## What the exercise asks
Copy task, pictures excluded: set down exactly the lines from the one containing "Alright guys, welcome" to the end of the data below.

(Provided data)

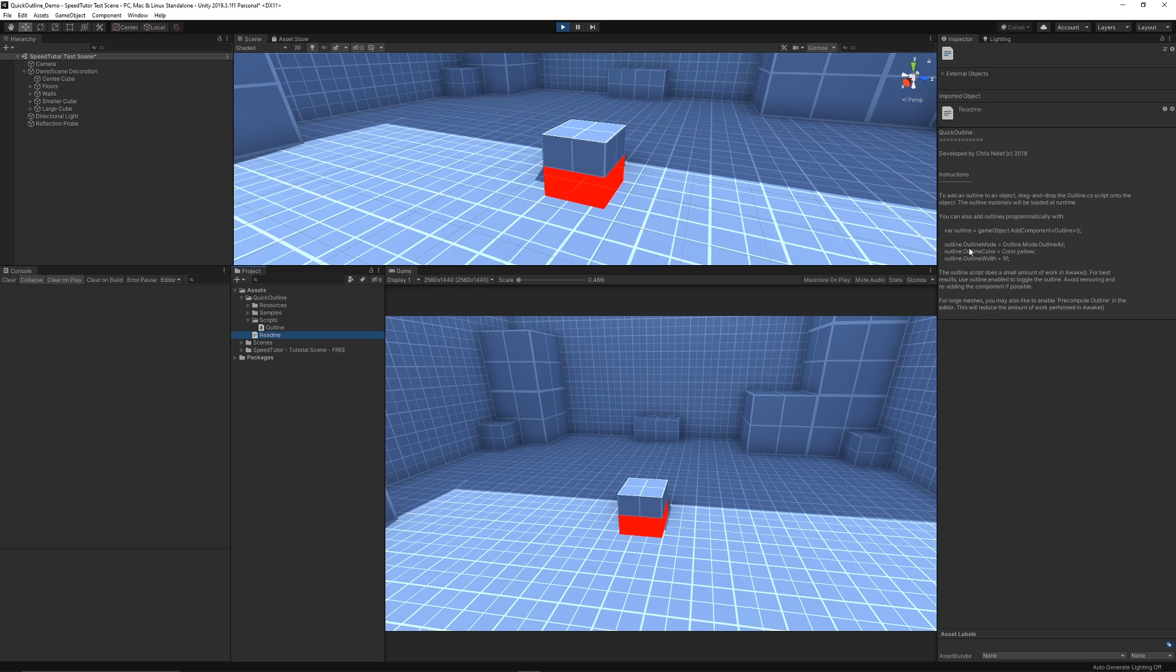All you need to do is reference the actual component which is the outline component which is a script, and you can reference the outline.mode and define which one that is, set the color and the width all in script. So it's so easy and simple to use.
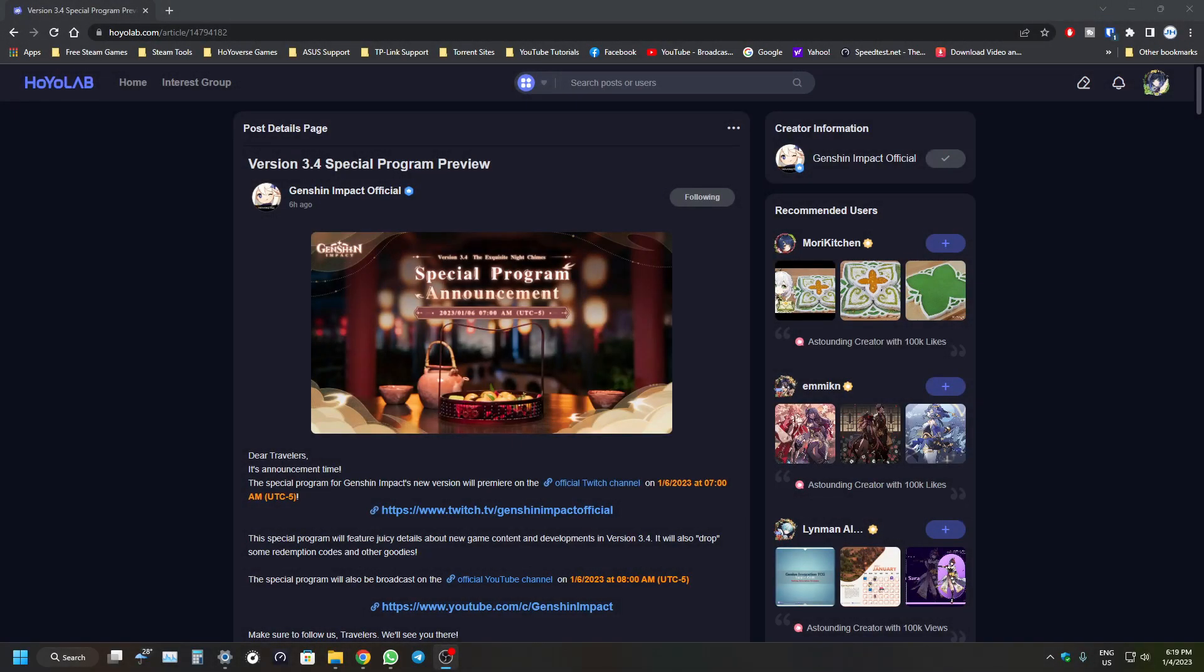Alright guys, welcome back to another Genshin Impact video. Yeah, I know it's been a while since we made a video - been quite busy this week. But we're going to talk about the new special program announcement.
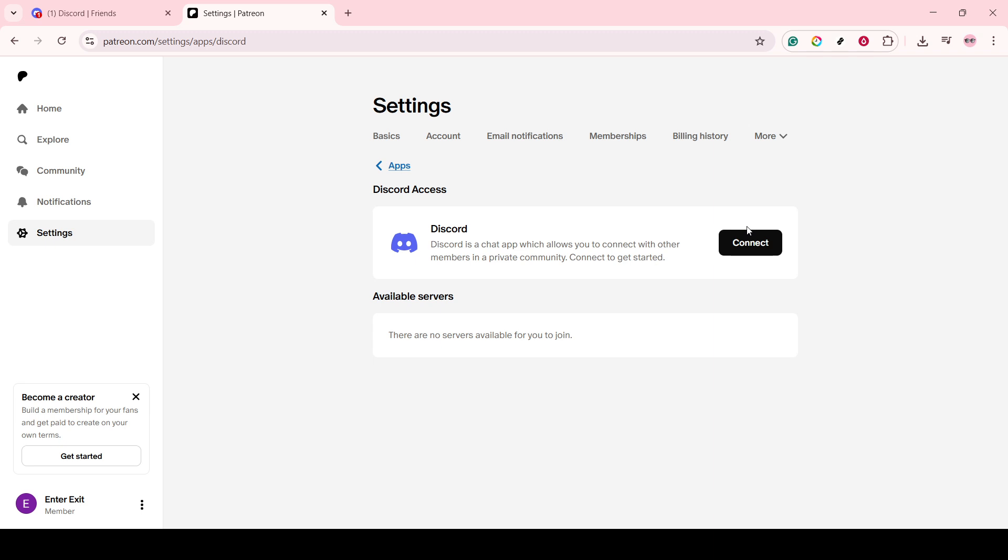Now, you'll see an option to connect your Discord account. Clicking Connect will start the process of linking the two services.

(End Provided data)

## Reply to the exercise
Alright guys, welcome back to another Genshin Impact video. Yeah, I know it's been a while since we made a video - been quite busy this week. But we're going to talk about the new special program announcement.
Now, you'll see an option to connect your Discord account. Clicking Connect will start the process of linking the two services.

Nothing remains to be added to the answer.